Typically, affinity marketing occurs when two organizations feel like they can offer both of their audiences more interesting products and services without cannibalizing their efforts. They may compete in some area of business, but in one certain aspect of both their business, combined efforts can better cater to their customers and provide a brand image boost with the public. Interesting collaborations, cool new promotions, and partnerships overall generate interest.

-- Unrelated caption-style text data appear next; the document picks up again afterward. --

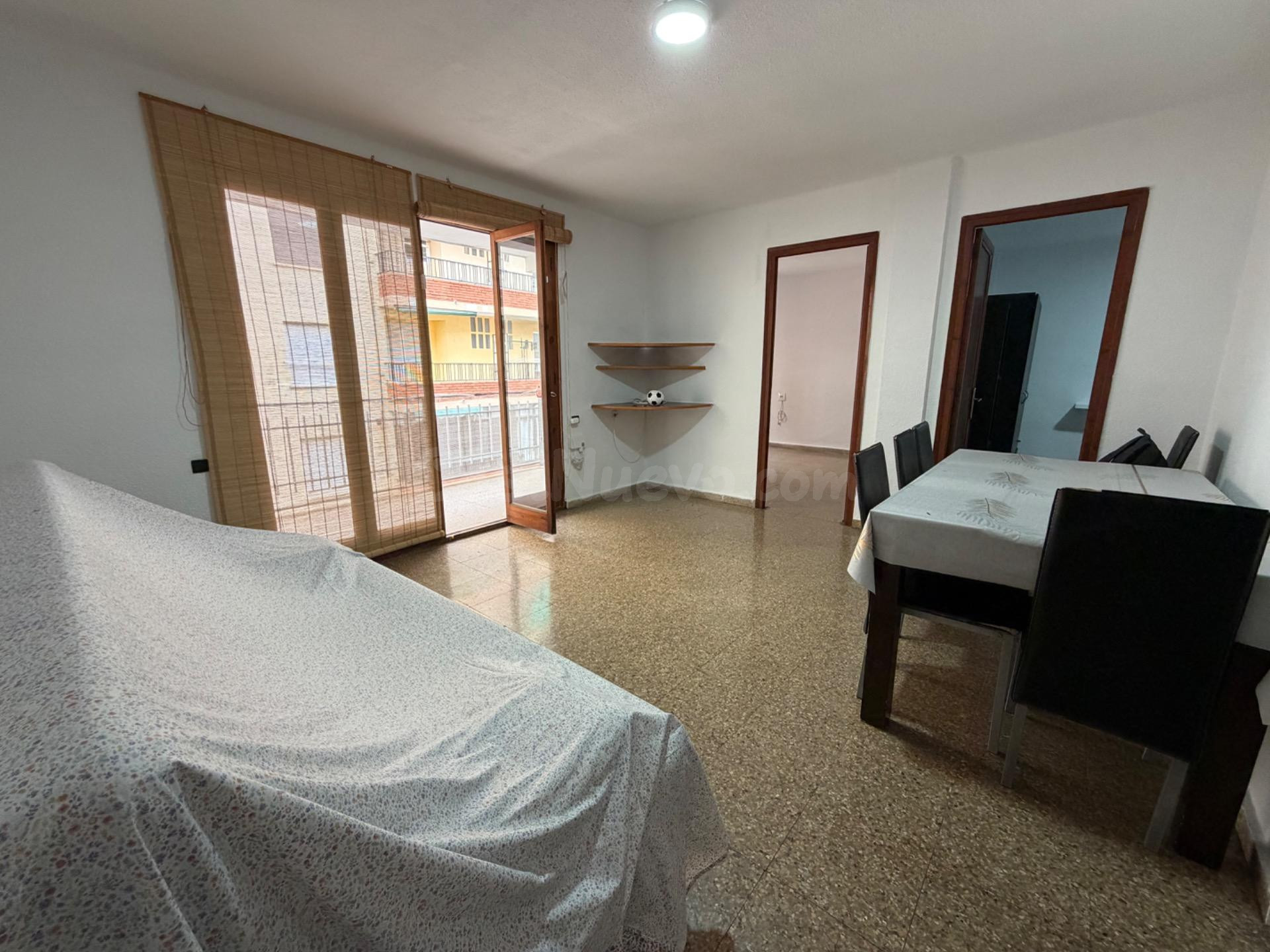 PISO - APARTAMENTO EN CULLERA A 200 M DE LA PLAYA - foto 5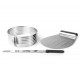 Set cortatartas. Lacor 68527
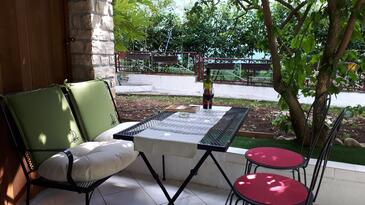 Jednopokojowy apartament Petrcane, Zadar (A-16828-c(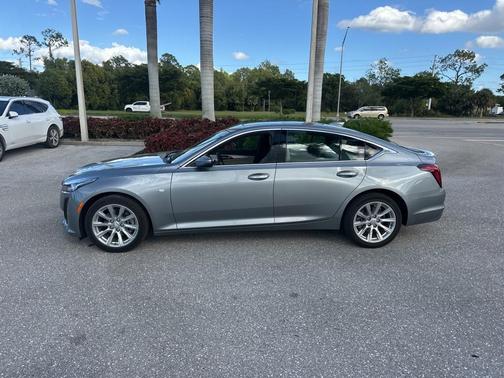 2023 Cadillac CT5 Premium Luxury RWD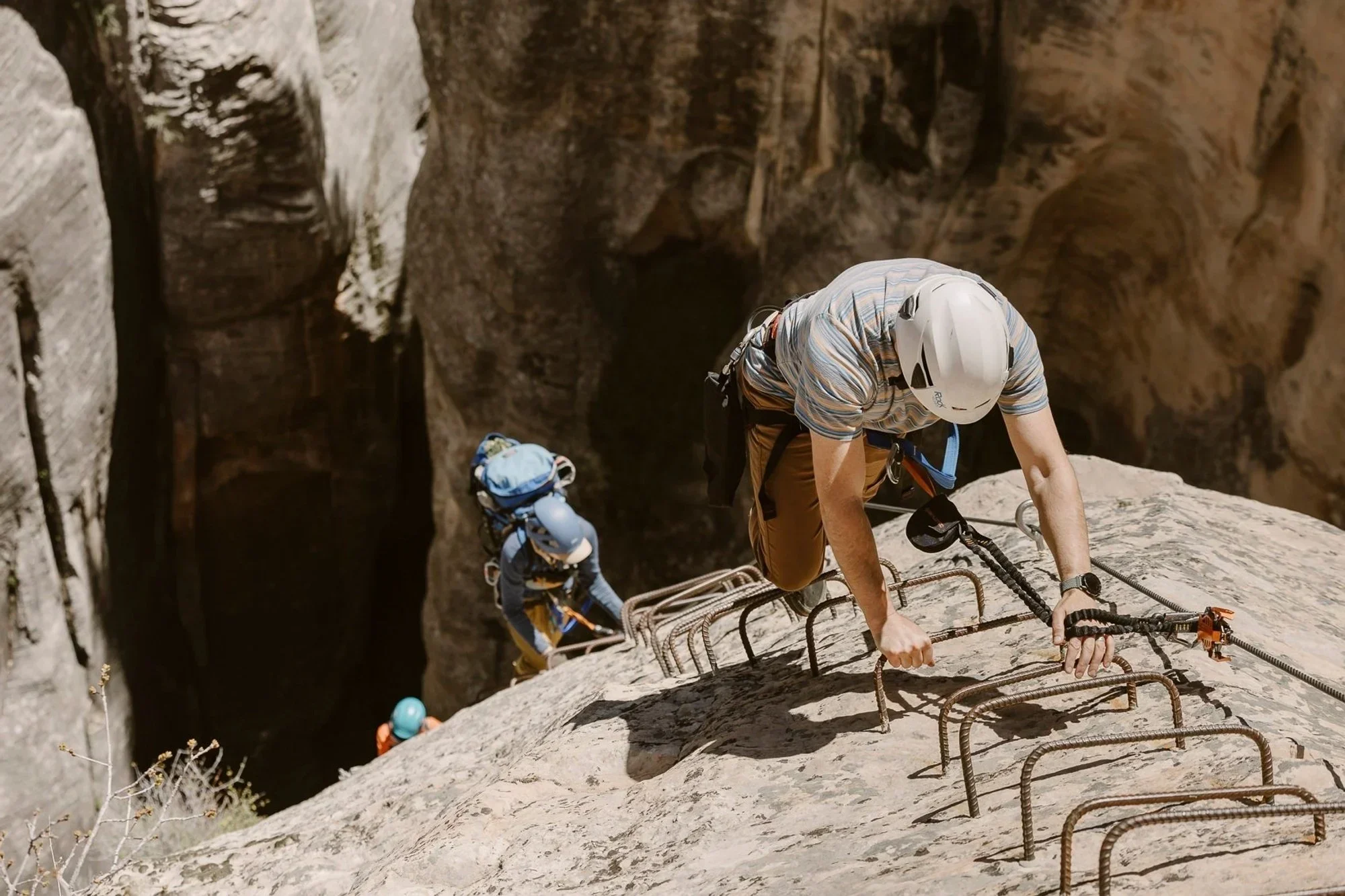 Via Ferrata Guided Tour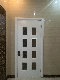  WPC Door for Bathroom Water Resistant Interior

Affinity marketing usually happens in campaigns designed to go on for a certain length of time. They use incentives to bring new customers into their audience and increase sales. No matter how big or small your company is, there are affinity marketing opportunities to be had. Here are five things you should start doing now with affinity marketing.

Identify Areas for Growth

Entering into any strategic partnership should be approached with caution. Done right, it can supercharge your business, driving growth, and increasing brand familiarity. When mistakes are made, however, you risk losing your own loyal customers to competitors. If you’re just starting with affinity marketing, look at areas of your business where you’re not necessarily the strongest and focus on partnerships in those areas. You reduce exposure so you can feel at ease about experimenting with this new form of marketing.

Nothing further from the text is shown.